I really started down the road that “I’m enough” when I started down the path of banishing the shame and guilt that I have built up since childhood.  This overriding since of inadequacy has been with me too long.  I’m not handsome enough, I’m not smart enough, I’m not rich enough, I’m not ambitious enough…  I’m not…. this or that.

But, you see I AM ENOUGH.  Or, more precisely, my striving to be better at things is different from my worth as a person.  The pernicious thing about this is that feeling unworthy made it more likely for me to do things that increased the sense that I’m not.  Reversing that trend has been a full two years or so worth of work…

The idea that the world is enough is more recent.  It hit me most clearly while meditating.  But, it’s also very much connects back to other strains of life’s philosophy that I’m exploring. Getting out of the deficit thinking (I’m not enough) is related to getting out of the scarcity thinking (the world is not enough).
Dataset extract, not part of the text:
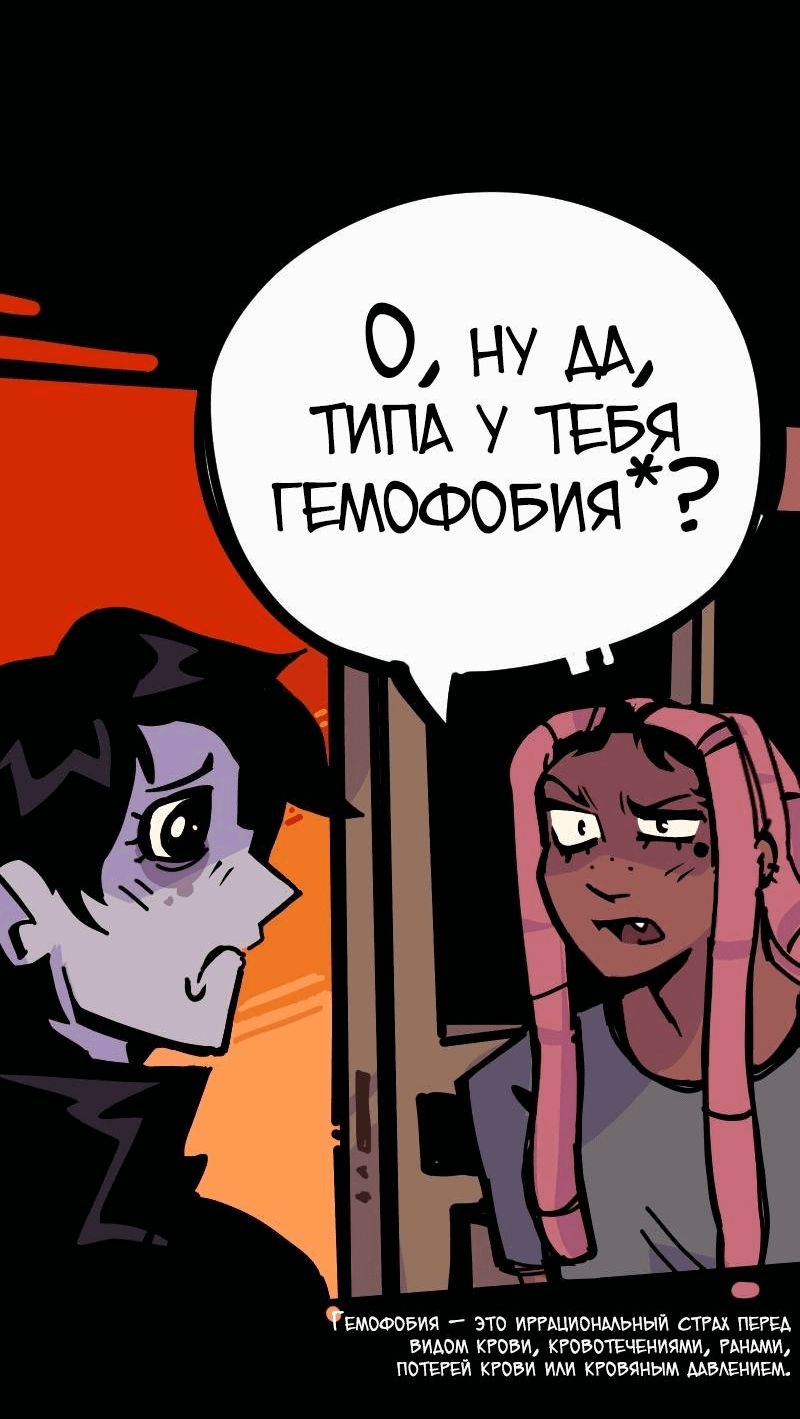 Манга Бумажные Зубы [Перезапуск] - Глава 47 Страница 5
I couldn’t have grasped the second without the first.

Is there a limit to the joy I can accept?  Are there limits to the happiness I can share?  What about love?  I can love me.  I can love you.  I can love others too.  One love, does not diminish the love I feel for others.

This is an absolute REVOLUTION of my heart.  And, I don’t just mean in the polyamory sense.  I haven’t been able to love fully, in the way that I am meant to, because I have felt unworthy of love.  Even the love I feel for friends and family has been warped by this scarcity thinking.  I felt unworthy of love.  Because how I needed to love and be loved in the traditional sense didn’t fit neatly into the societal notions of romantic love, I didn’t feel I could be loved in any sense.  And so, to quote Marc Broussard, “you know love don’t find this sort of man.”

But, it does.  And, it thrives.  And, it is joyful.

Shifting from the false notion that there’s a scarcity of love that has to be metered out, to the notion that love exists in abundance and I simply need to open my heart to it to experience it, has started an absolute revolution in thinking and feeling.

I had glimmers of this notion before, but I could not fully shake off my cultural baggage.  The best example of this is my relationship with my friend Renee.   I love Renee in every way that a man can love a woman.  I’m unashamed of that.  In the end, however, it was much less important for us to be romantically linked (and all that entails) than it was for us to be linked, connected, or interconnected.  The friendship thrives because we decided to not limit our feeling, even if we limited our action.

Although my orientation to love and the abundance of joy are perhaps the most profound aspects to my simple realization that “the world is enough. “  But, it’s also changing the way I approach work.  I’m much less combative and competitive in the rawest since.  I’ve been able to separate my ambitious goals for the business from my ambition as an individual.  If I can help make everyone around me more successful, my success is most definitely assured.

So, I guess the short of it is that I’m still growing and learning.  Of course, not in a straight line by any means.  But, the trend is up and I’m enjoying it, for the most part.